Monday, July 26, 2010

LELAKON #1

Aku menemukannya. Di sudut lapangan yang rerumputannya sudah hampir mengering. Ia tertelungkup diam membisu. Pohon-pohon pinus di sisi lapangan berdiri tegak kaku. Semesta memberi kami kebekuan yang pekat.

Kudekati ia. Aku bahkan tak tahu apakah ia mengenalku sebagai perempuannya atau tidak. Dari sudut matanya, kulihat ia masih menyimpan kenangan. Juga rindu-dendam dari sebuah episode yang mengekalkan peristiwa menjadi sebuah rasa. Bukankah semuanya sudah jelas, bahwa cinta tercipta justru untuk menyatukan? Dan dendam bukanlah jawaban atas ketidakmengertian.

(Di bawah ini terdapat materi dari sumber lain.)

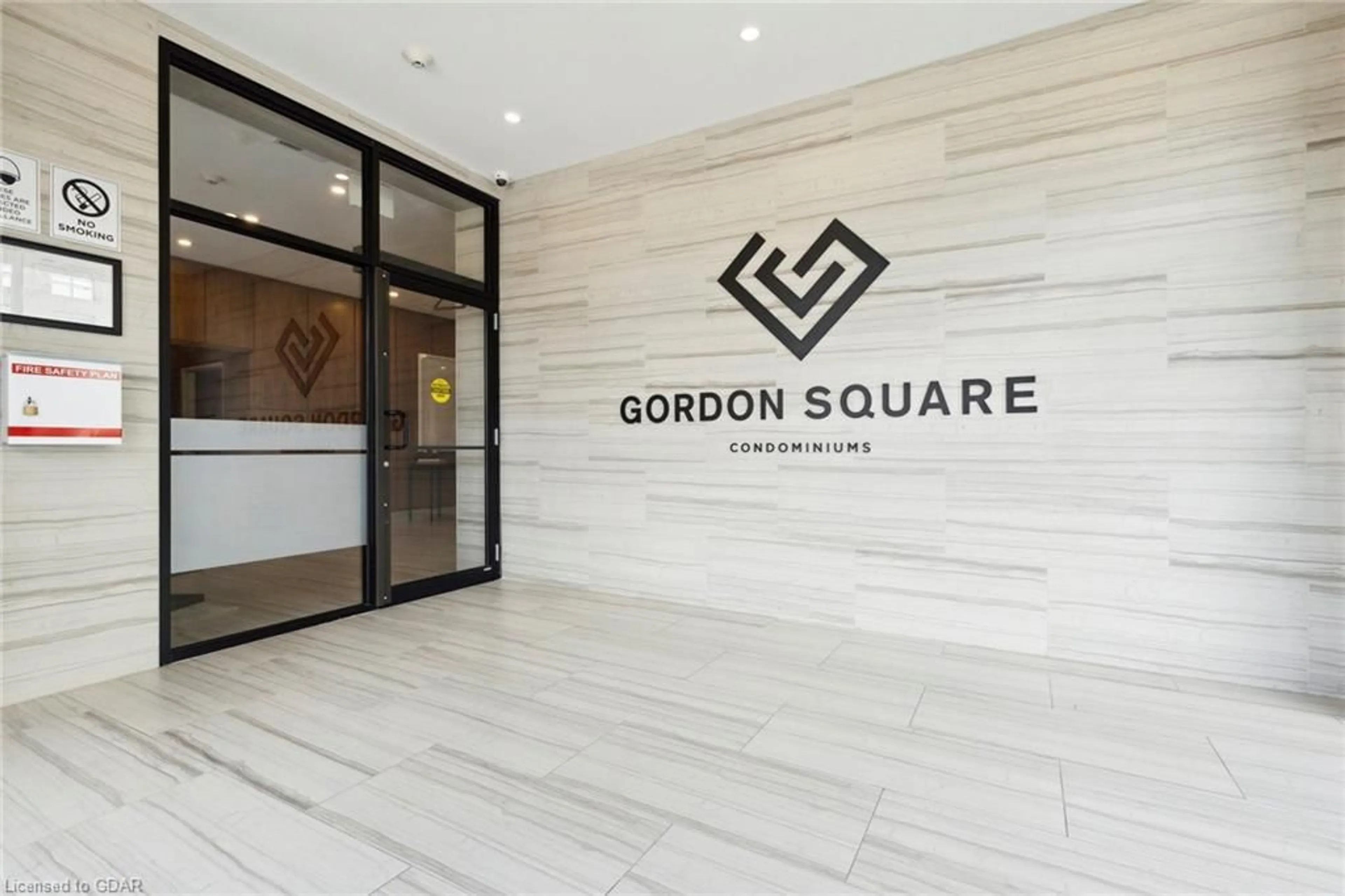 Indoor lobby, ceramic floors for 1878 Gordon St #308, Guelph Ontario N1L 0P4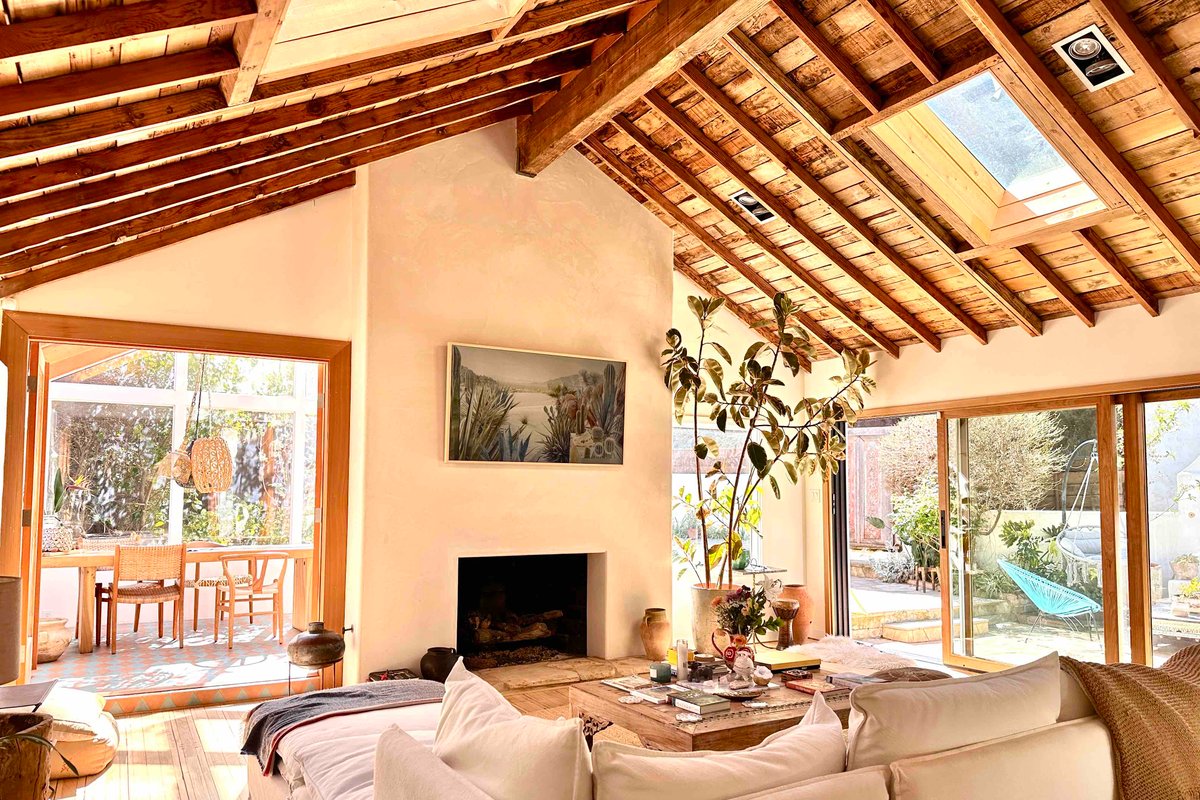 Relax in beautiful & cozy home 3BR w/ Pool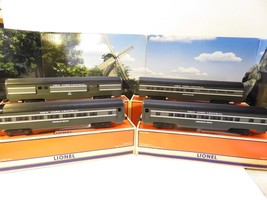 LIONEL TRAINS  FOUR CAR NYC ALUMINUM PASSENGER CAR SET- NEW - E1 - $298.40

Sehelai daun kering jatuh ke tanah.

Kuulurkan tangan hendak menghapus air matanya. Rupanya ada selaput yang membatasi, tipis namun tak juga bisa kutembus. Jangankan untuk menyentuhnya, mendengarkan suaranya saja tak bisa. Lalu suaraku, juga suaranya, merayap bersama angin, pergi dan pergi jauh tak tersampaikan. Detik demi detik berlalu dalam diam.

Sesosok pelukis menyemburatkan warna lembayung di ujung langit sebelah timur. Sedang ia masih juga terdiam kebingungan.

Senja sudah hampir habis, Sayang. Nanti kau terlambat menemukan jalan pulang. Aku ingin mengantarmu sampai pintu pagar. Tidak. Bukan pintu pagar, tapi pintu dan kedalaman hatimu. Meski di kejauhan sana, di balik warna langit yang keemasan, sependar cahaya menungguku dengan sabar.